The Nature of Winter by Jim Crumley

The Nature of Winter by Jim Crumley

Author:Jim Crumley [Crumley, Jim]
Language: eng
Format: epub
ISBN: 9781910192863
Publisher: Saraband
Published: 2017-10-10T04:00:00+00:00


Over the years I refined and elaborated on my wolf reintroduction argument, in Brother Nature (Whittles, 2003), most noticeably in The Last Wolf (Birlinn, 2010), and most recently in my beaver book, Nature’s Architect (Saraband, 2015). The plan is this: a new wilderness national park extending from the Black Wood of Rannoch and Rannoch Moor to the Black Mount, Glen Orchy and Inishail, and west to the shore of Loch Etive. The national park should mean what it says – a park owned by the nation, rather than the unwieldy conglomerations of often reluctant landowners that characterise Scotland’s existing national parks. Its overwhelming priorities would be to serve the needs of nature. Its every native habitat would be enhanced, extended, restored; Rannoch Moor would return to the lightly wooded mosaic it once was. The first wolf reintroduction would be into the Black Wood and the Moor of Rannoch, and because the new national park would march with the Cairngorms National Park in the north-east and Loch Lomond and the Trossachs National Park to the south-west, the wolves would be well served with room to expand in both directions. I think that initially at least, Scotland could accommodate three or four packs, and if numbers increased beyond that, some controlling measures could be considered. It is a model that seems to work well in Norway, where wolves re-introduced themselves by walking over the border from Sweden. In the absence of a land border with Sweden or anywhere else for that matter, we, the people, have to make the first move. We have nothing to fear. On the contrary, when the wolf’s wholly benevolent presence is revealed to us, an ancient darkness locked deep within our psyche will be banished. For the wolf is a catalyst, an enabler, a provider of unlimited opportunity for nature in all its guises, all its tribes.
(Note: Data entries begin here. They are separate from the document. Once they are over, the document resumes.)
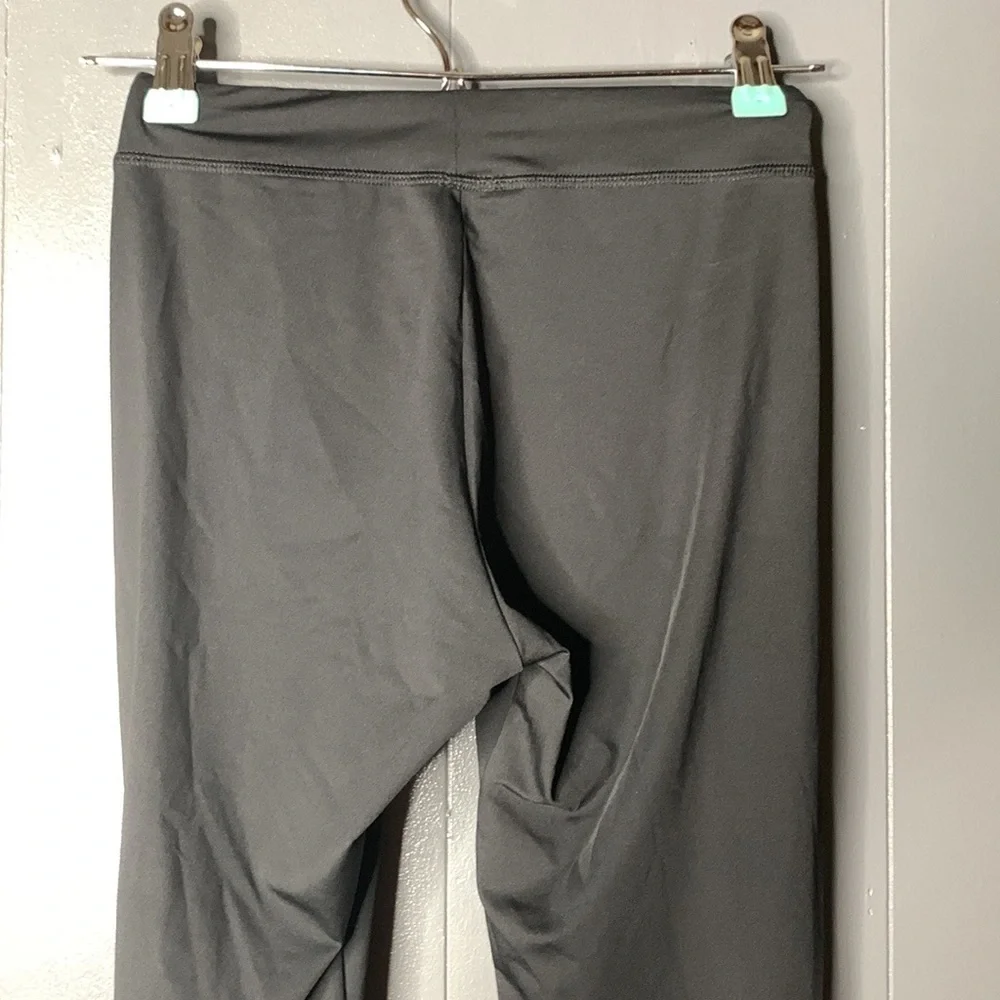 ADIDAS bundle‎ of two leggings
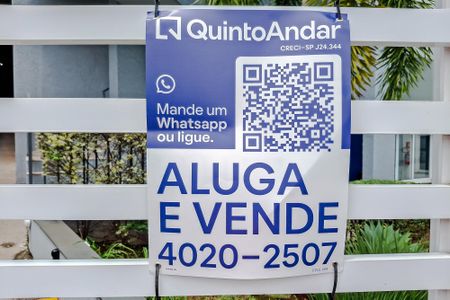 Apartamento à venda com 45m², 2 quartos e 1 vaga Apartamento à venda com 45m², 2 quartos e 1 vagaPlaquinha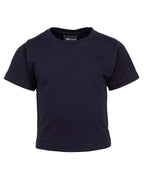 JB's Infant Tee 1TI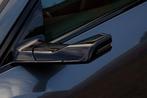 Audi Q8 e-Tron 55 S-line - Pano/BlindSpot/Keyless/HUD/360Cam, Automaat, 0 cilinders, USB, 5 zetels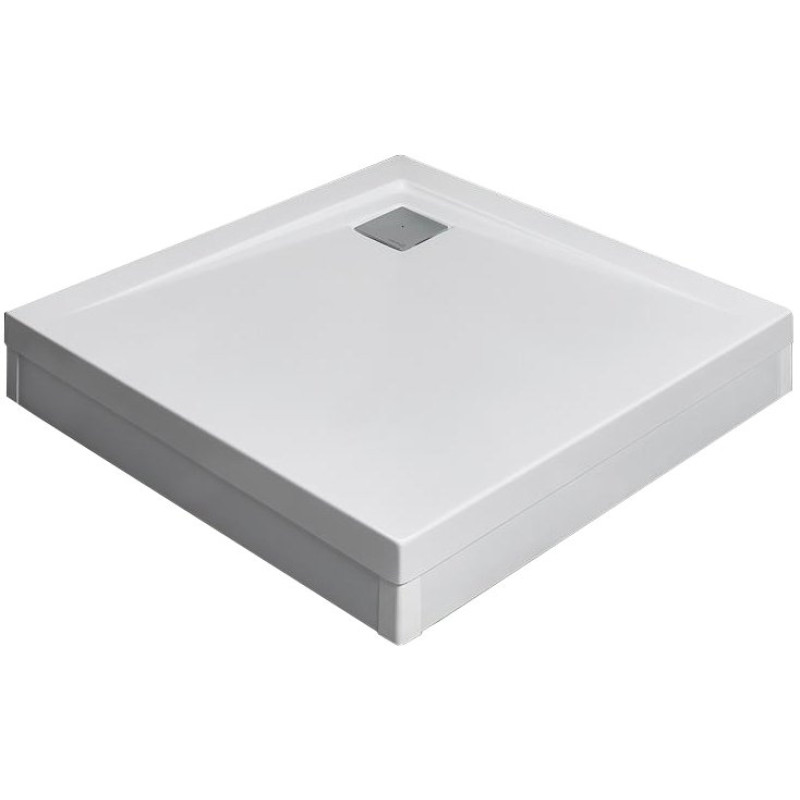 Поддон для душа Radaway Argos C 80x80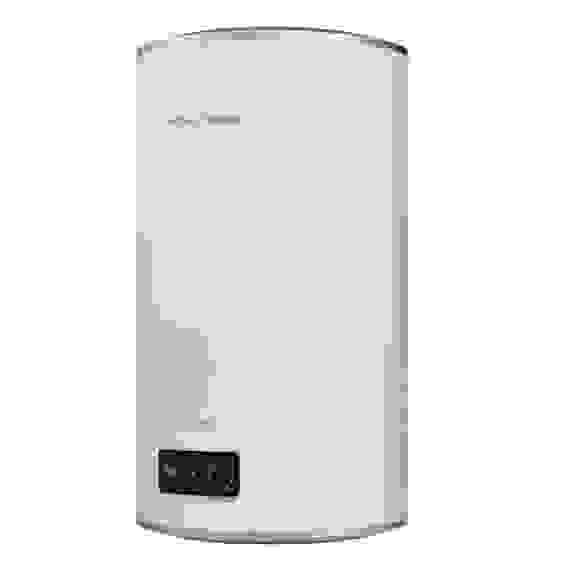 Водонагреватель Royal Thermo RWH 30 Interio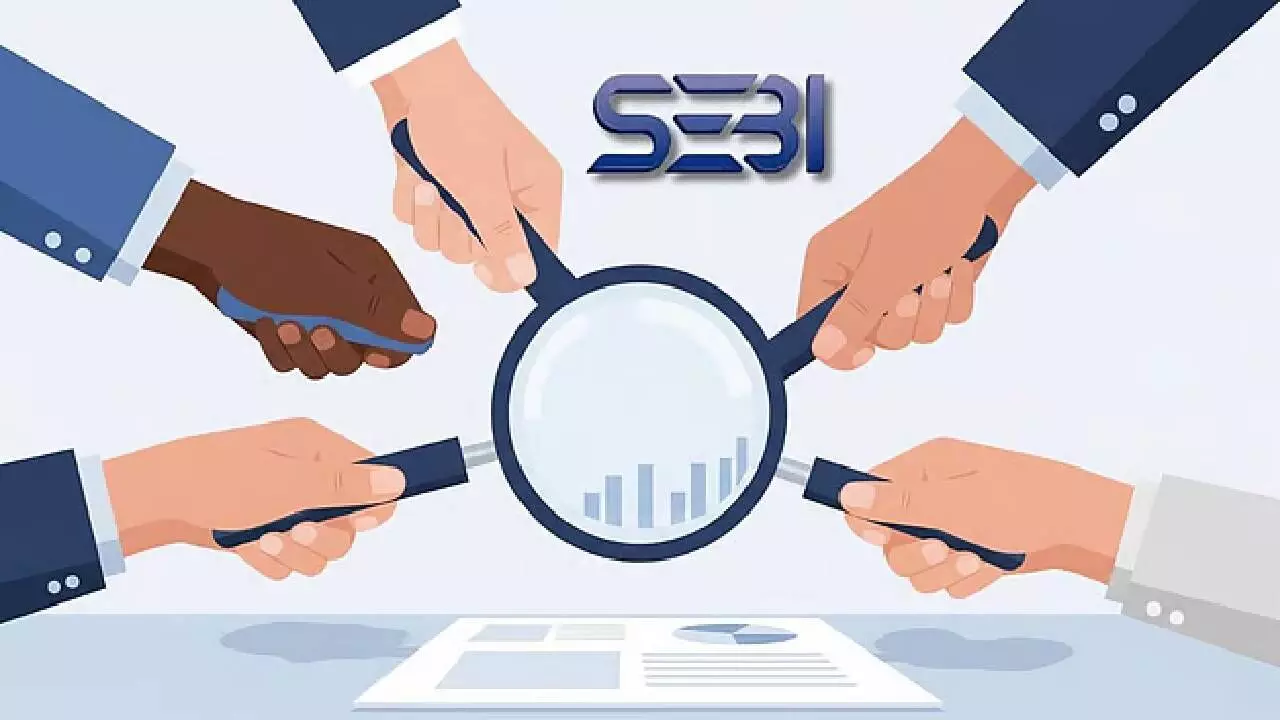 Sebi rules out regulatory role in IPO pricing Sebi rules out regulatory role in IPO pricing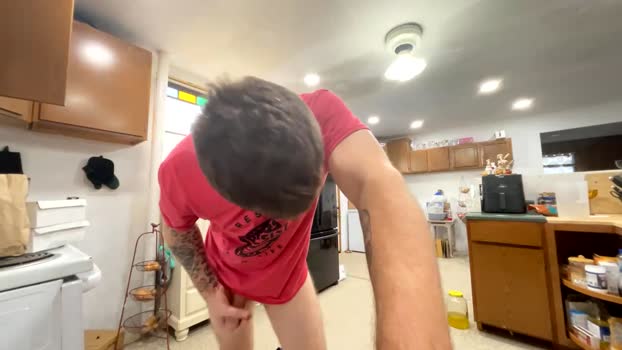 daddydic120402 show Webcam SHOW @ Chaturbate 23-11-2025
Like aconites and snowdrops thrusting through frozen ground to burst into flower, wolves invigorate the land with new light, new colour, a new flowering.

All the obstacles are in our minds. We misunderstand the nature of the wolf. That ancient darkness from which the old stories emanated and elaborated their distortions (a devourer of babies, a despoiler of the battlefield dead) is the product of nothing more than a very old storytelling tradition. The real wild wolf is to be found elsewhere. And despite all that biologists now know about the wolf in many countries, despite all the literature and all the television documentaries, despite the Yellowstone reintroduction making positive headlines for wolves around the world, there are still far too many of us who believe, or think we believe, that the only good wolf is a dead wolf, or better still, an extinct wolf.

Even the myths are stubborn. There was a strange story in some British newspapers on January 12th, 2017, concerning the full moon that night. It said that the first full moon of the year is known as the wolf moon. I had never heard of a wolf moon, so with years of dismantling wolf myths under my belt I was immediately suspicious.